• Required work: Span requested from the data below: the line with "Black Sleeveless Top" through the line with "Lovely On The", both included. Give only these lines again, exactly, and leave every picture out.

• Data section:
===============

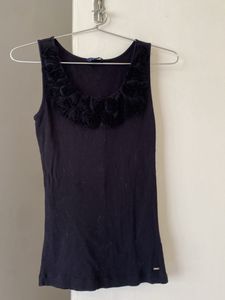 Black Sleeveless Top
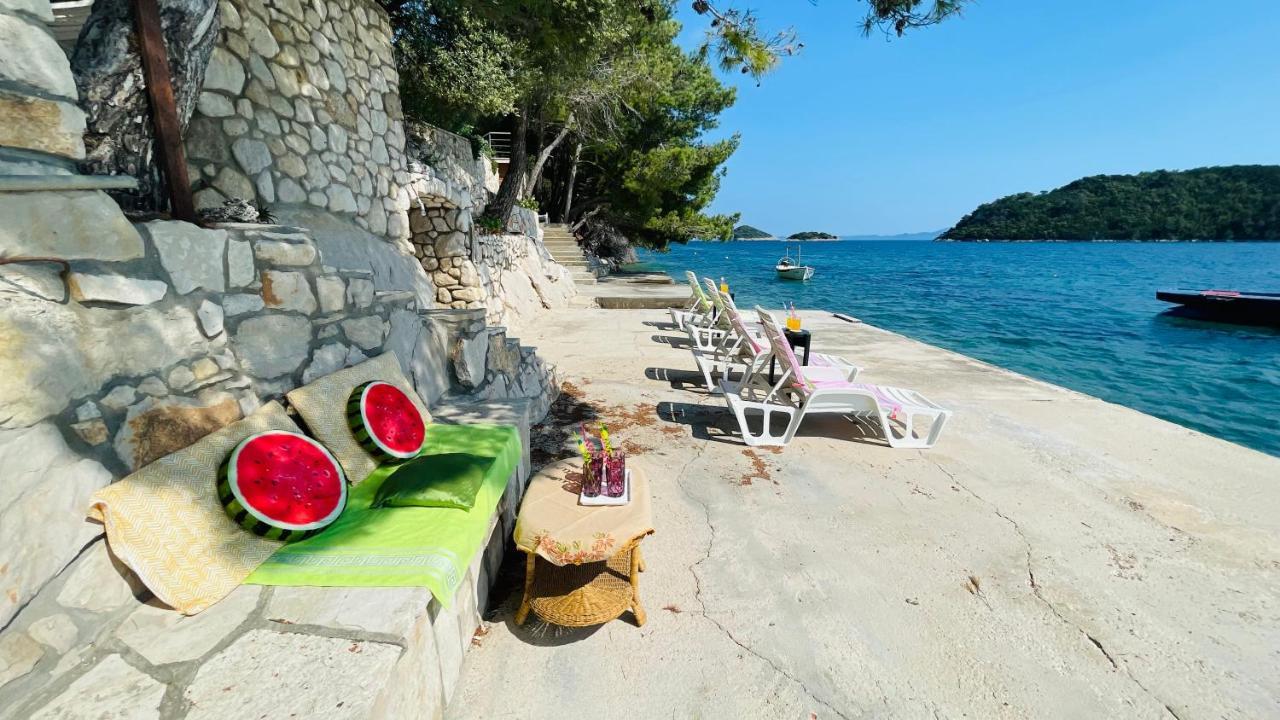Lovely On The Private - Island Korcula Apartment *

===============

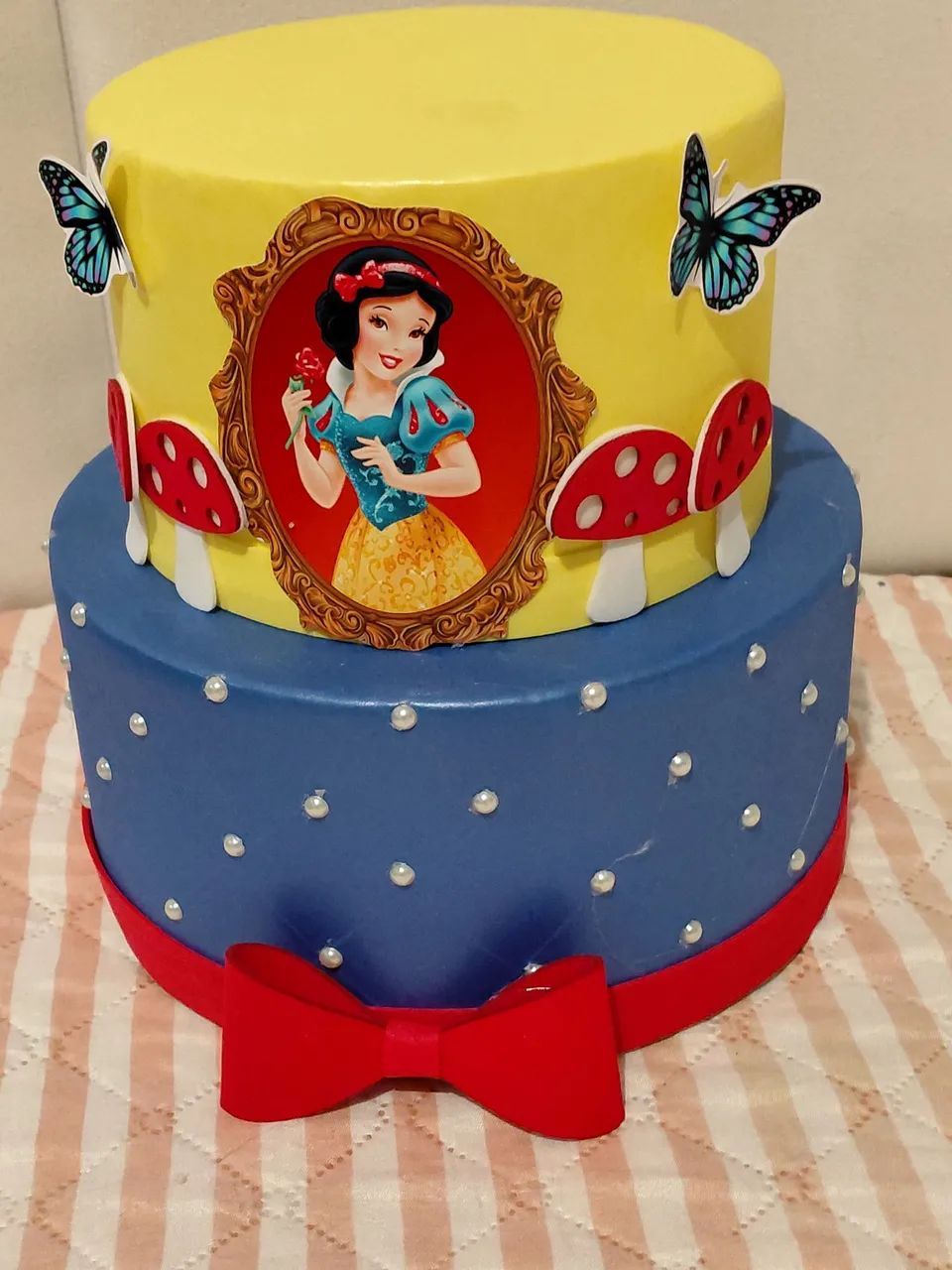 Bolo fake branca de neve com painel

===============

• Result of the task:
 Black Sleeveless Top
Lovely On The Private - Island Korcula Apartment *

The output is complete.